On the other hand, the grandfather did express a desire to see his granddaughters get married. He’s not a young man, so it’s more likely he’d support a relationship with a man he trusts.
Despite only having seen a handful of games this season, Rei announces that he’s on an eight-game winning streak. As the end of the second series draws close, it seems a little cheap to suddenly say that Rei has a promotion coming. Our concerns disappeared, however, at the episode’s close, when his adoptive father appears and reveals that they’ll be in the same bracket next season.
In some ways, the show has come full circle. It started with Rei defeating this man, which in turn, sent him into his spiral of guilt.
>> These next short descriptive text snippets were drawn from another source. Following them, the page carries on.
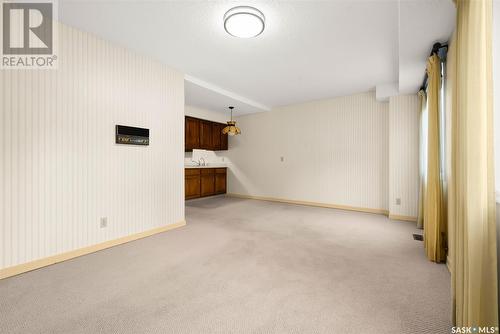 1042 Gryphons Walk, Regina, SK - Indoor Photo Showing Other Room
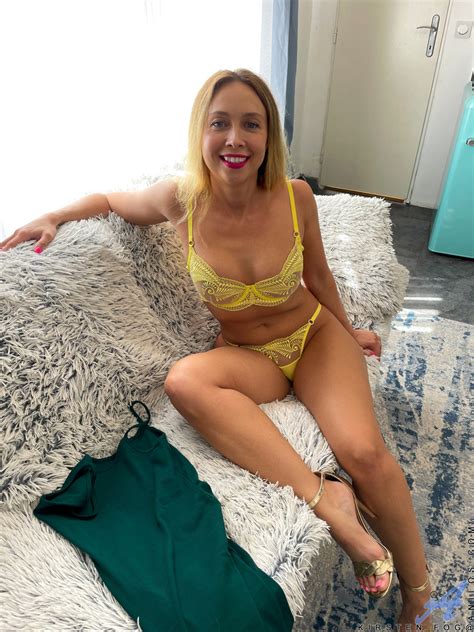 Beautiful Blonde MILF Poses Nude And Smiles In These Porn Pictures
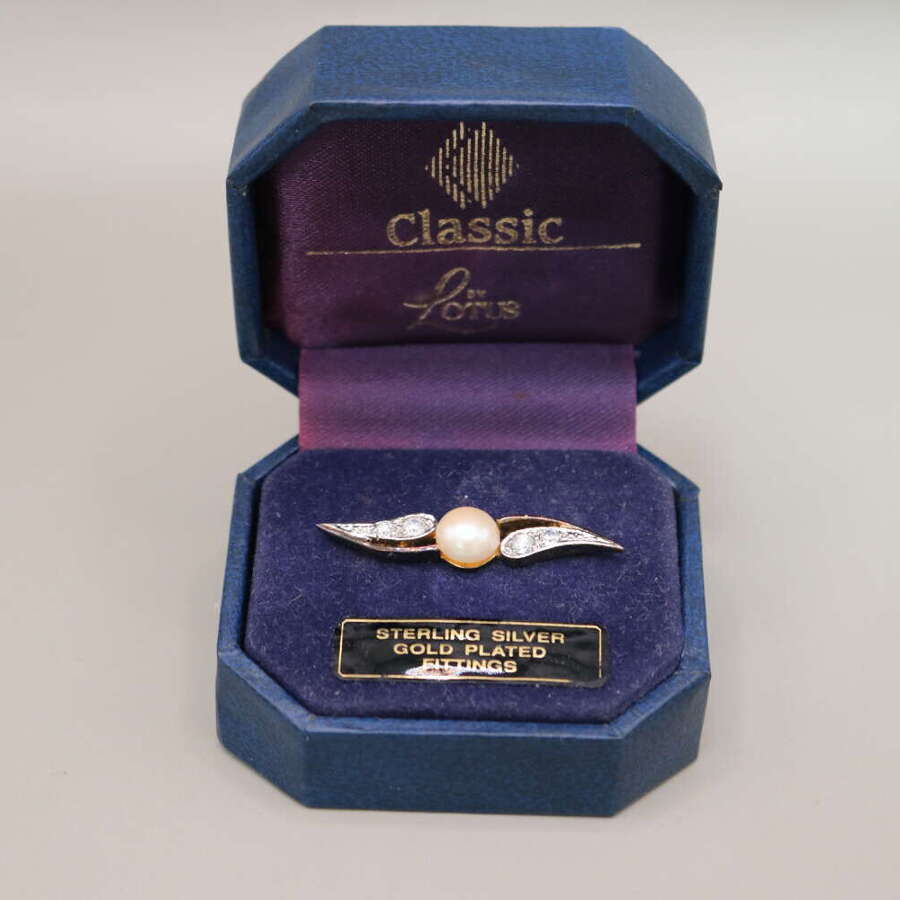 Vintage Lotus Gold Plated Sterling Silver Pearl & Clear Stone Brooch Boxed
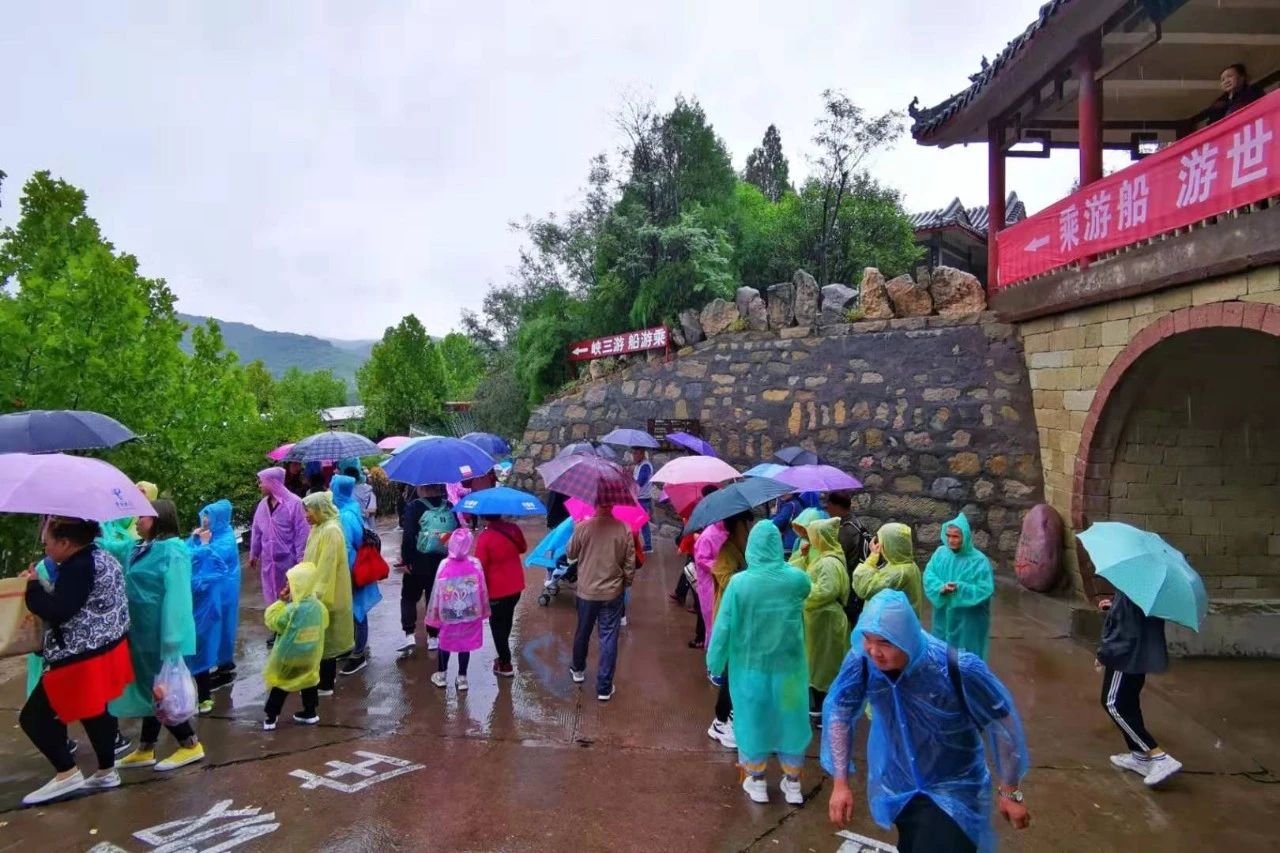 【中秋节黄河三峡景区实况播报】雨中，这么多的游客！！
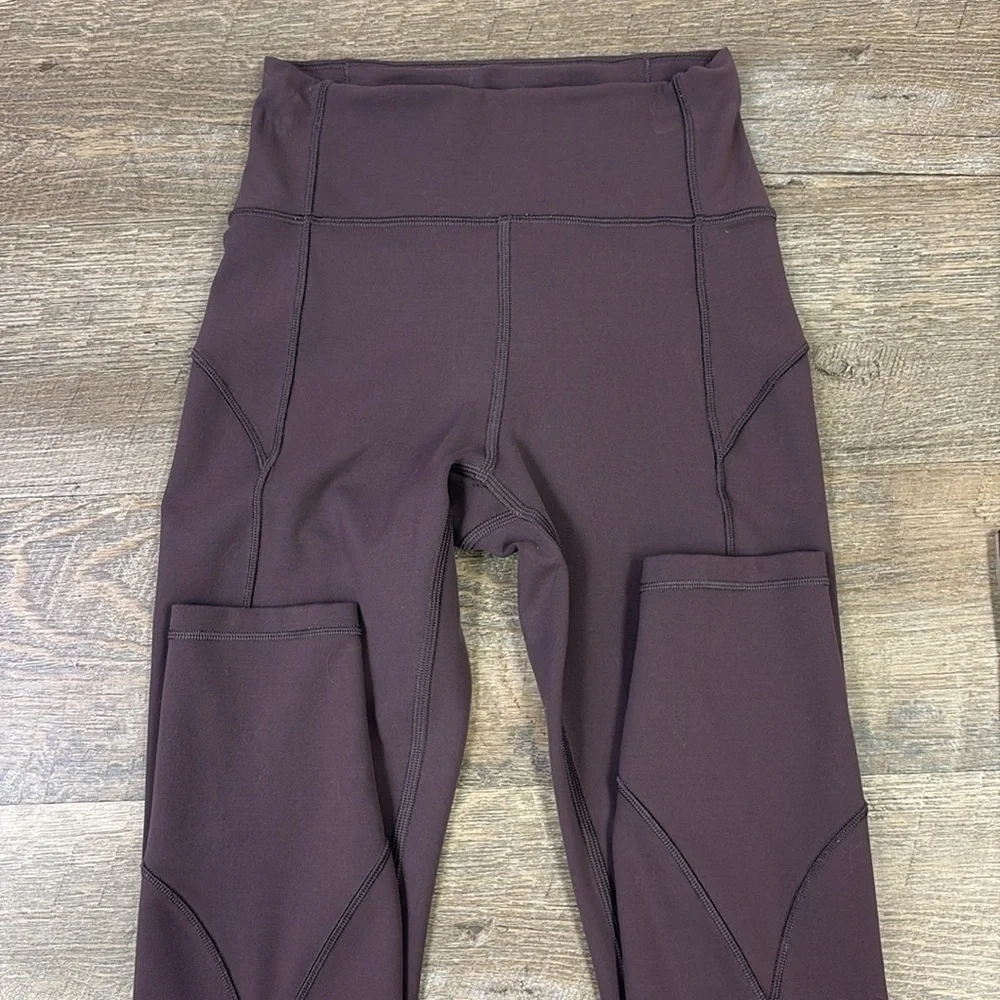 Lululemon Leggings Size 2 -Arctic Plum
He’s matured considerably since the beginning, though, and by this point, it’s unlikely that history will repeat itself.
Rather, Rei will probably accept that his adoptive father helped him in the past, but keep what happens on the shogi board completely separate. After all, a single loss to Rei isn’t a major blow to his prospects – if he plays well, he’ll be promoted, and if not, he can’t cling to his rank forever. If Rei didn’t beat him, somebody else would.
The stage is set for some real dramatic tension in the episodes to come. It’s been a long, sometimes rocky road, but with a newfound focus on interpersonal drama, Sangatsu no Lion season three could well be worth a watch.